The high-profile direct listings - the start of share trading without a new placement or secondary sale - by Palantir and Asana failed to generate much positive momentum. Trading opened well above the indicative price levels suggested: Palantir's first trade was at USD10 and it closed first day trading at USD9.73, versus a reference price of USD7.25 per share, while Asana closed first day trading at USD28.8, 37% above its USD21 reference price. However, the two firms ended their first week's trading down by eight and four percent relative to their opening levels.
BNDES raised BRL6.9 billion (USD1.2 billion) from the placement of its full 11% stake in pulp and paper firm Suzano: on 1 October, it sold 150.2 million shares at BRL46 each. The sale forms part of the Brazilian development bank's wider asset disposal program, with it having placed holdings in Vale, Petrobras and Marfrig previously (with the Petrobras block having raised USD5.2 billion in February).
Kazakh financial group Kaspi - which owns Kazakhstan's leading retail bank with a 32% share of retail loans in 2019 using a largely digital platform- has started pre-marketing for a GDR listing in London seeking to sell USD550 million equivalent on behalf of existing shareholders. The deal is reported to have been underpinned by interest from several large funds, suggesting the deal has a strong likelihood of successful completion: the firm withdrew a prior attempted sale in 2019. If successful, the deal would be the first Kazakh share sale in London since AO Alliance Bank in 2007.
Outlook and implications
The Bahamas will provide an interesting test of market appetite for Caribbean debt risk. Like its peers in the region, it faces a challenging upward trend in its debt stock, and multiple adverse factors impacting its government deficit in 2020 and thereafter.
The planned sale of debt by Turkey's sovereign wealth fund is also likely to prove testing, given the country's unconventional monetary policy (at least until recently) and growing political risks relating to Turkey, including its involvement in several regional military conflicts.

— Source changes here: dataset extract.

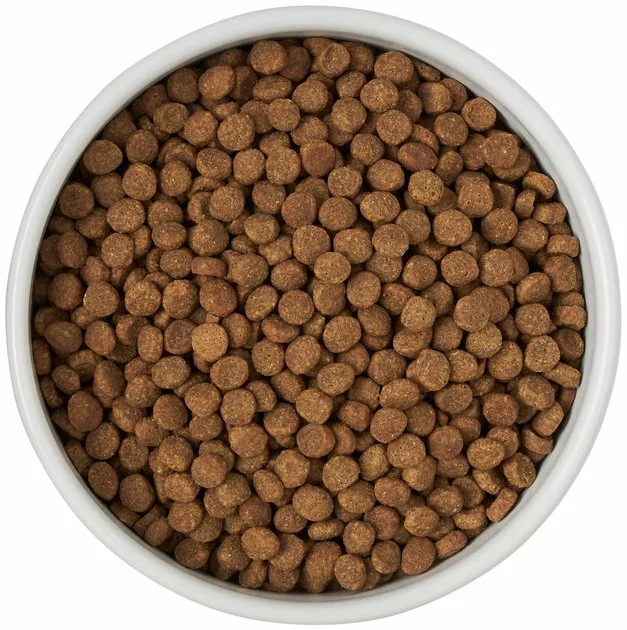 Frisco Round Meow Non-skid Ceramic Cat Bowl with Wood Base, 1.25 cups 8 Frisco Round Meow Non-skid Ceramic Cat Bowl with Wood Base, 1.25 cups - Image 6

Market developments indicate a mixed risk environment. The multiple successful hybrid deals completed in the last week, notably that for ENI, Italy's largest hybrid to date, indicate continues appetite for riskier, long-duration assets. Similarly, Egypt and Bahrain have completed successful issuance in recent weeks, showing healthy demand for riskier MENA sovereign risk assets. Counterbalancing this, several Latin American deals have now been pulled on grounds of adverse market conditions and price sensitivity, without necessarily also having adverse credit fundamentals.
Within equity markets, BNDES's latest asset sale is a positive indicator, both for the scope to complete large deals in a more testing market environment and for both the bank and Brazil's fiscal position, showing continuing scope to raise funds through indirect privatization.